How To Create a Chaos Engineering Scenario

Form a hypothesis
Baseline your metrics (e.g. SLOs/SLIs per service)
Consider the blast radius
Determine what chaos to inject
Run your chaos engineering scenario
Measure the results of your chaos engineering scenario
Find and fix issues or scale the blast radius of the scenario

How To Pick A Chaos Engineering Scenario

Identify your top 5 critical services
Choose one of these critical services:
1. Monitoring & alerting (Datadog & PagerDuty)
2. Cache (Redis or Memcache)
3. Payments
Whiteboard the service with your team
Select the Gremlin Scenario:
1. Validate Autoscaling
2. Unavailable Dependency
3. Host/Container Failure
Determine the magnitude: number of servers/length of time

What is the value of Chaos Engineering?

Find your monitoring gaps, reduce signal to noise
“We’ll get paged if that breaks”, until you don’t.
A false sense of security is worse than nothing.

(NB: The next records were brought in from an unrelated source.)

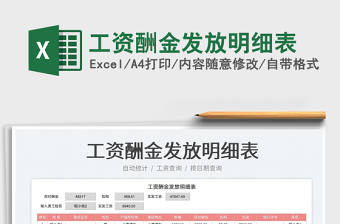工資酬金發(fā)放明細表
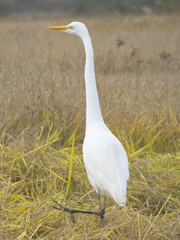 Ardea alba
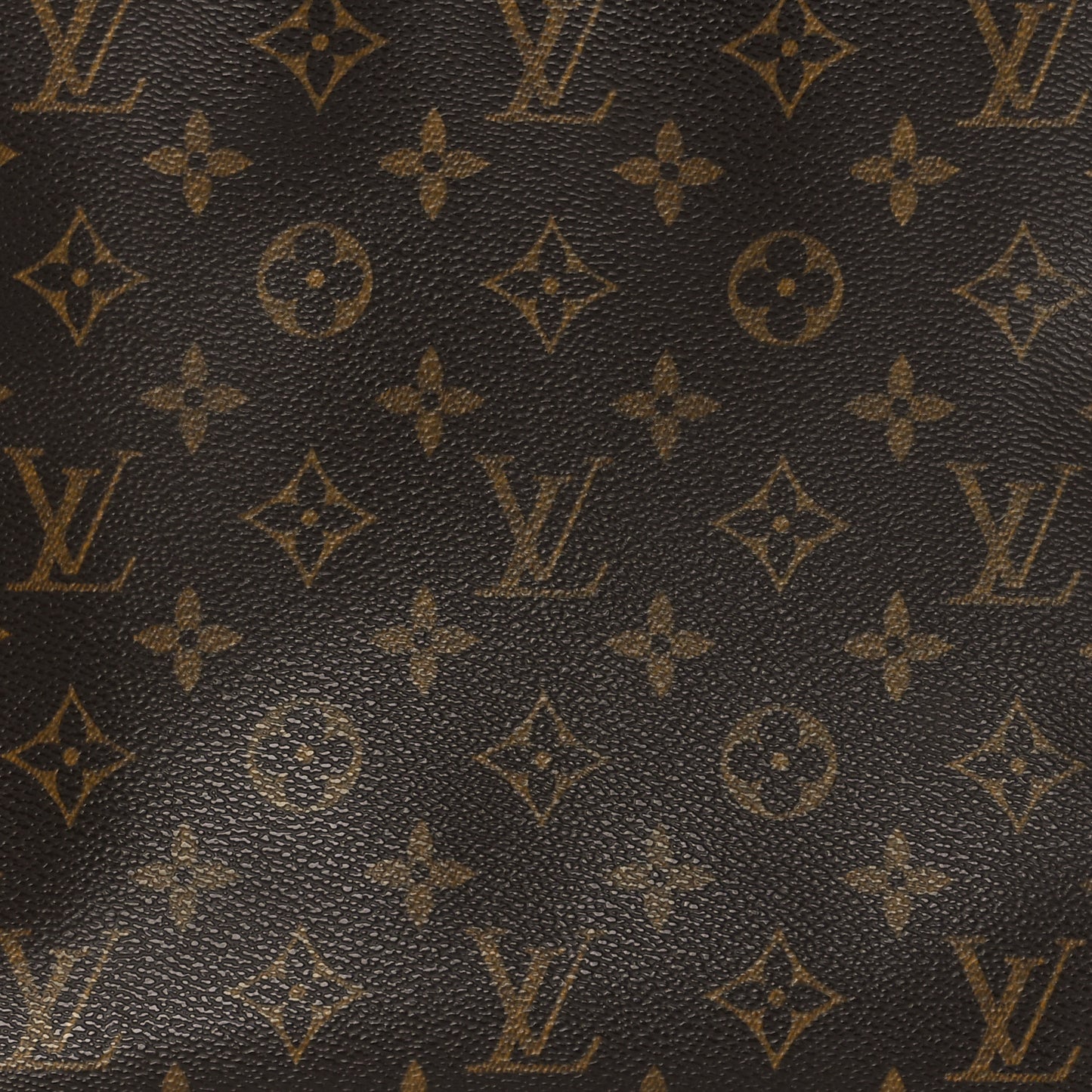 Monogram Looping MM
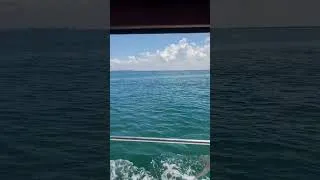 Thumbnail: Bacon while underway in the ocean
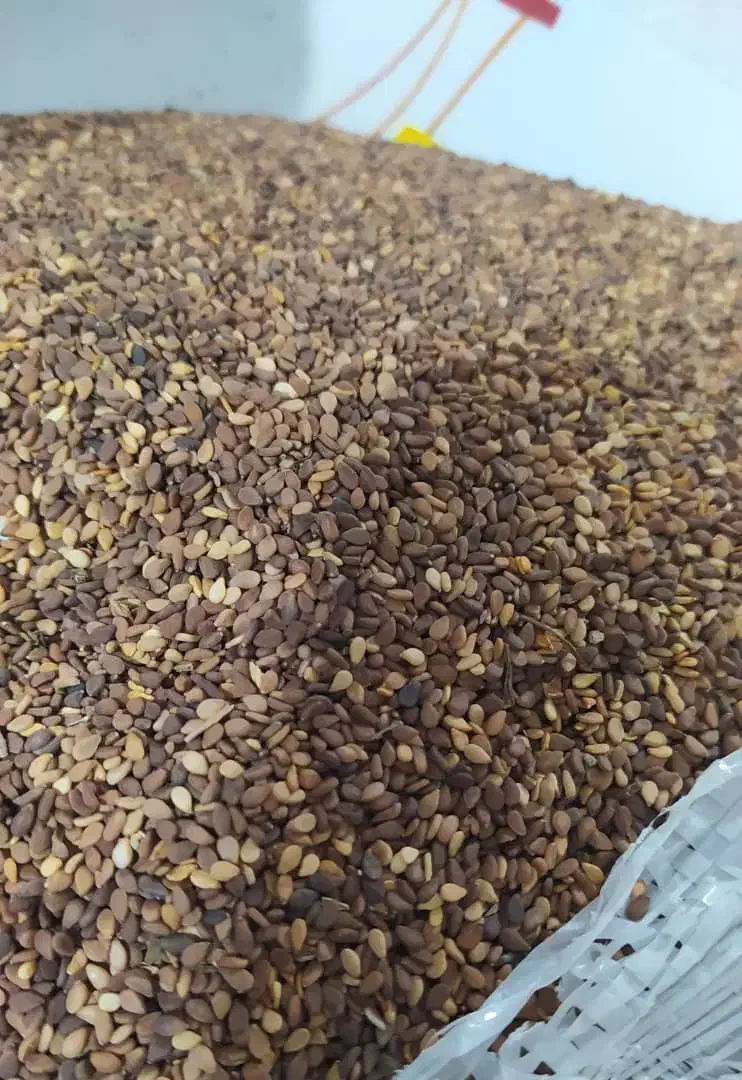 کنجد بوجاری شده|خوردنی و آشامیدنی|شیراز, فرهنگ شهر|دیوار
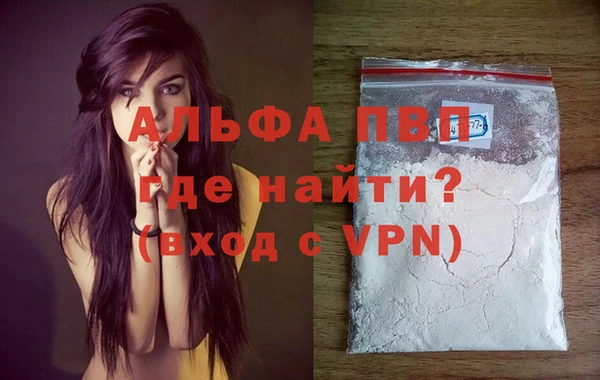 сатива Бородино
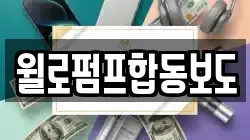 윌로펌프합동보도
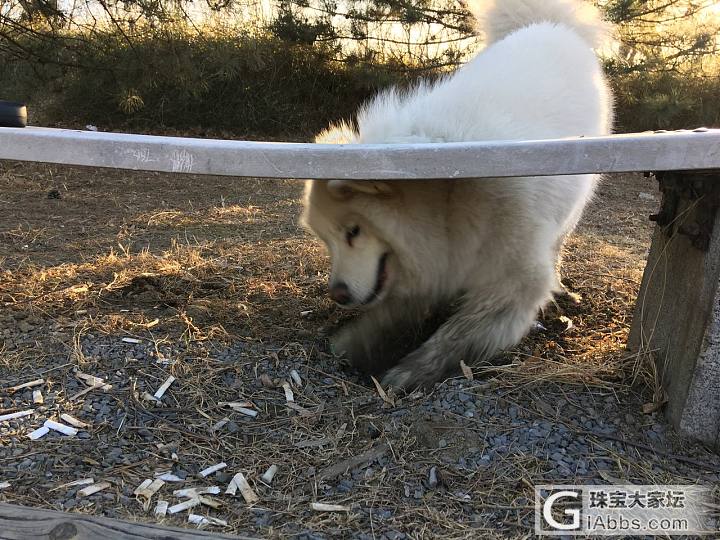 淘少的快乐周末_狗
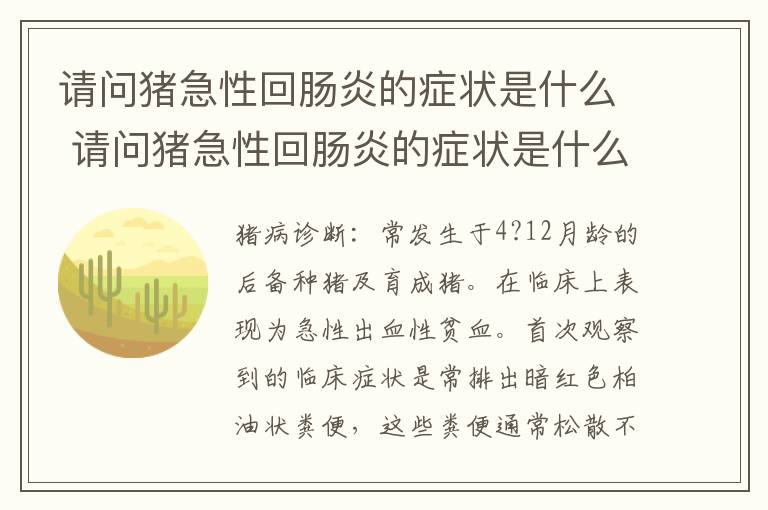 请问猪急性回肠炎的症状是什么 请问猪急性回肠炎的症状是什么样的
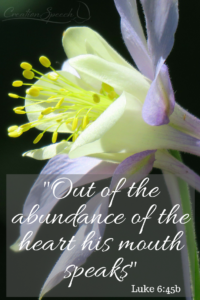 The gold anthers of the Colorado Columbine seem to illustrate good treasure (truth of God’s word) coming out of the heart to give glory to God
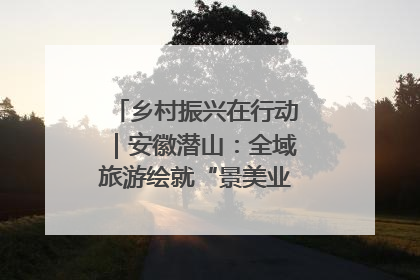 乡村振兴在行动｜安徽潜山：全域旅游绘就“景美业兴民富”新画卷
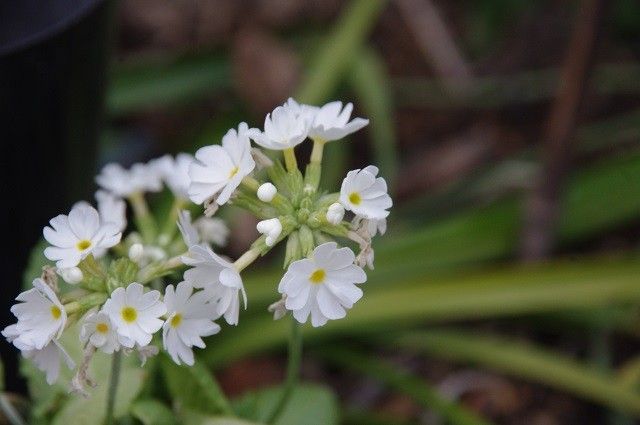 白い花たち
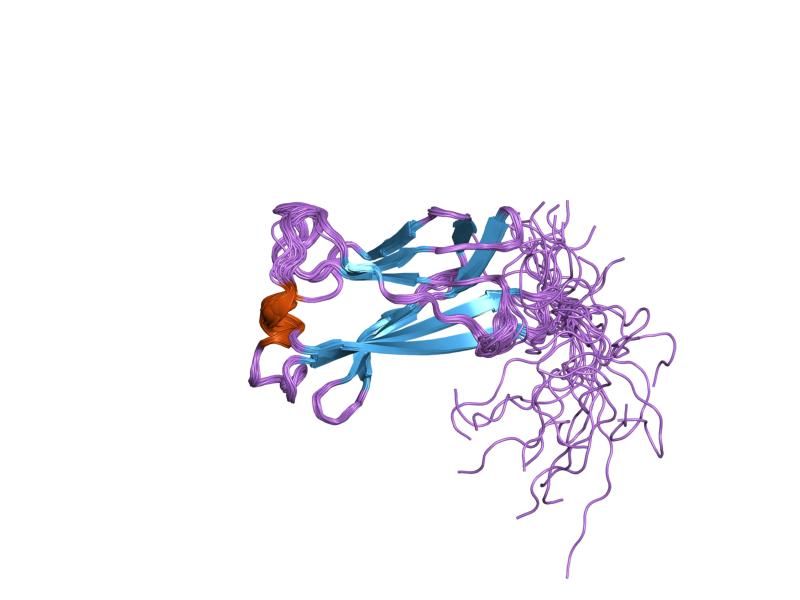 File:PDB 2cr2 EBI.jpg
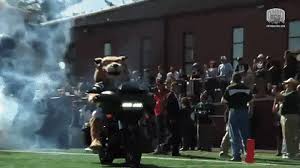 And it's all caught in this wild video. Athens Ohio Gifs Primo Gif Latest Animated Gifs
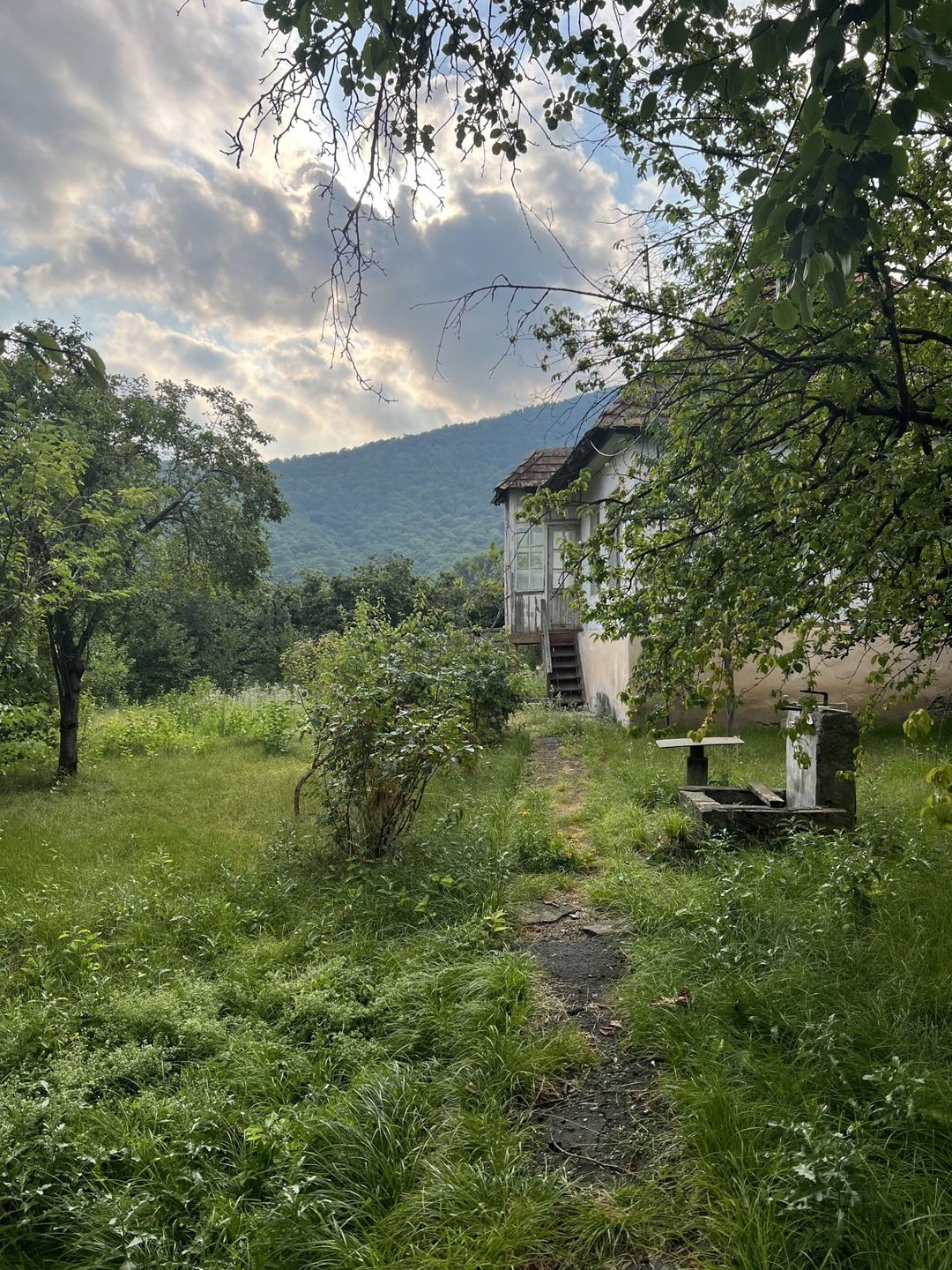 Satılır torpaq 6 sot — Torpaq, Oğuz (4)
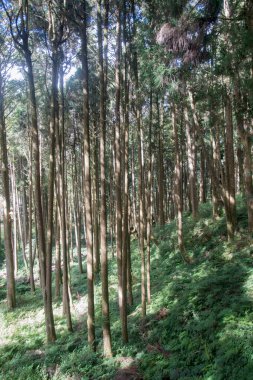 Tayvan 'daki Alishan Ulusal Parkı' nda yeşil doğal selvi ormanı..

Validate Upstream & Downstream Dependencies
Validate that each new service can fail independently.
Protect against cascading failures and knock-on effects.

Train your teams
We run fire drills, train firefights, and first responders.
Are you investing in your operations teams?

Get A Good Night’s Sleep
We often can’t get a good night’s sleep due to our pager waking us up in the middle of the night, use Chaos Engineering to reduce incidents and increase time spent sleeping in your bed!